一方、対面サービスでは、利用者の悩みや生活状況を直接聞きながら提案できるという特徴がある。E.MIRAIでも、カウンセリングを通じて顧客ごとの要望を把握し、商品や施術を提案しているという。ただ、対面での提案は、担当者の知識や経験に左右される部分も大きい。担当者によって説明や提案内容にばらつきが出ないようにするためには、人材育成や社内基準の整備が必要になる。

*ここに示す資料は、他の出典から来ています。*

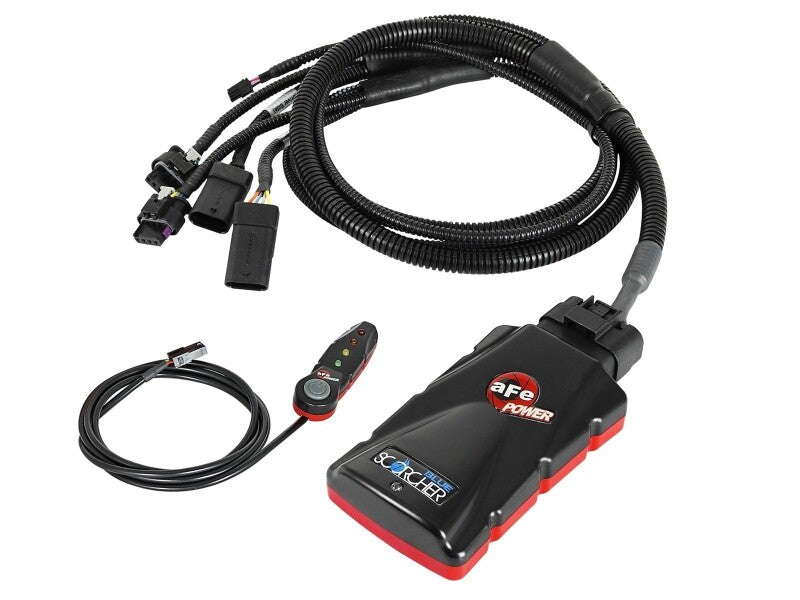 aFe Scorcher Blue Module 22-25 Ford Bronco Raptor Bluetooth Capable Power Module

デジタルで効率化できる部分と、人が対応した方が良い部分をどう切り分けるかは、美容サービス全体の課題でもある。

美容と健康を扱う企業に求められるもの

美容・健康分野では、新しい商品や施術が次々と登場する。

そのため、企業にはトレンドへの対応だけでなく、サービスの安全性や説明の分かりやすさ、従業員の知識更新なども求められる。E.MIRAIでは、取締役会長の磯上恵美子氏のもと、複数の事業を通じて美容と健康の両面に関わるサービスを展開している。今後のポイントとなるのは、こうした複合型のサービスが一時的な流行にとどまらず、利用者にとって分かりやすく、継続的に利用できる仕組みとして定着するかどうかだ。